# Creepy/scary tombstone epitaphs



## Erebus

Where can I get some creepy epitaphs for the tombstones I am making? I have searched the web but everything comes up as humor. The only one I really liked so far was on a childs grave and it read:

Weep not Papa and Mama for me 
I am waiting in heaven for thee

I am looking for something that just gives you goosebumps when you read them.


----------



## Haunted Hot Sauce

"Weep not Mom and Pop for me,
for soon I will be back for thee"

"If you read this little rhyme,
the corpse below on you will dine"

"If you read this little poem,
the corpse below you'll see at home."










"If this stone you stop to read,
the corpse below on you will feed."

"If these stones you stop to read,
the dead below on you will feed."

"We, the bones that are here, for yours we are waiting."

"The wind is my breath,
The darkness my soul,
The earth my embrace,
Await my return."

An old favorite...
"Remember friend as you walk by,
As you are now so once was I.
As I am now you will surely be,
Prepare thyself to follow me."

"As you are, I was; as I am, you will be"

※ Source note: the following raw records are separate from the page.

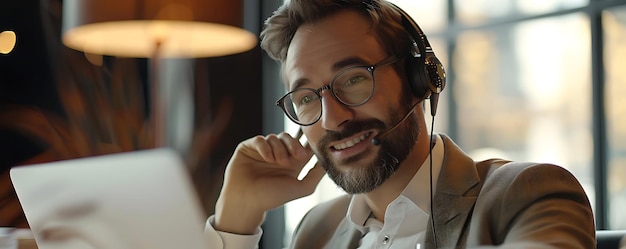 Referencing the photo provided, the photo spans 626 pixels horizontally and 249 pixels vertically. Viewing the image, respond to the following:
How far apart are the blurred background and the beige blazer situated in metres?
1.74

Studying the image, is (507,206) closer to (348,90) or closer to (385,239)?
(385,239)

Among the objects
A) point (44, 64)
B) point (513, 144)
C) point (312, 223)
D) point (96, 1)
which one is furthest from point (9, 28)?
point (513, 144)

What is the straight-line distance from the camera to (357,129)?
139cm

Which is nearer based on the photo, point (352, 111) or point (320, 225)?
point (352, 111)

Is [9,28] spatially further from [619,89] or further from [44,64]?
[619,89]

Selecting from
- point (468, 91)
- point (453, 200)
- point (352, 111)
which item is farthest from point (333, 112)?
point (468, 91)

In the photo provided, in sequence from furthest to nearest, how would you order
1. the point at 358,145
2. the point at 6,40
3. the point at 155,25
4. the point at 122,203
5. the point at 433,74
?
1. the point at 6,40
2. the point at 155,25
3. the point at 358,145
4. the point at 433,74
5. the point at 122,203

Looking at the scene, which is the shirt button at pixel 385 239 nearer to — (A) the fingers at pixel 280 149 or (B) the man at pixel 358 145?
(B) the man at pixel 358 145

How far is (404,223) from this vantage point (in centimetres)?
136

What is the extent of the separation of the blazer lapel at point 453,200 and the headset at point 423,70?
11cm

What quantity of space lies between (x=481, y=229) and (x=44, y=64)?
2134 mm

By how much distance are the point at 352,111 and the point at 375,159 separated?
0.10 m

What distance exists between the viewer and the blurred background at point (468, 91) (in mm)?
2775

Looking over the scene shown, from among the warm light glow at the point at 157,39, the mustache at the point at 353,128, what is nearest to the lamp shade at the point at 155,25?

"Death is a debt to nature due,
which I have paid...
and now must YOU!"

And a long one...
"Loneliness shalt thou know well,
while bound in your eternal Hell.
You'll lie and rot for all of time,
amidst the soil, the worms, the slime.

Death lies in wait for every man.
Do what you will, do what you can,
still will you end up in the ground
and utter not a single sound."


----------



## RoxyBlue

Here is a Shakespearean one (complete with odd spelling):

Good friend for Jesus sake forbeare,
To digg the dust encloased heare!
Blest be the man that spares these stones,
And curst be he that moves my bones


And some not so Shakespearean:

By me Mortality you're taught
Your days will pass like mine.
Eternity amazing thought,
Hangs on this thread of time


What you are reading o'er my bones
I've often read on other tombs.
And others soon will read of thee
What you are reading now of me


----------



## Uruk-Hai

I also tend toward the creepy or more realistic epitaphs rather than the humorous. Here's a few I've used or are planning on using taken from various sources.

"When I am dead and in my grave,
and all my bones are rotten.
While reading this you'll think of me
when I am long forgotten!"

"There are far worse things
awaiting man than death"

"Every living creature
on this earth dies alone"

"When there's no
more room in hell,
the dead shall
walk the earth."

"The worms crawl in
and the worms crawl out.
The ones that go in
are lean and thin.
The ones that crawl out
are fat and stout."


----------



## Dark Angel 27

Haunted Hot Sauce said:


> "Remember friend as you walk by,
> As you are now so once was I.
> As I am now you will surely be,
> Prepare thyself to follow me."





RoxyBlue said:


> Good friend for Jesus sake forbeare,
> To digg the dust encloased heare!
> Blest be the man that spares these stones,
> And curst be he that moves my bones


These two are my favorites!


----------



## Haunted Hot Sauce

From Edgar Allan Poe's "Spirits of the Dead":

"The spirits of the dead, who stood
in life before thee, are again
in death around thee, and their will
shall overshadow thee; be still."


----------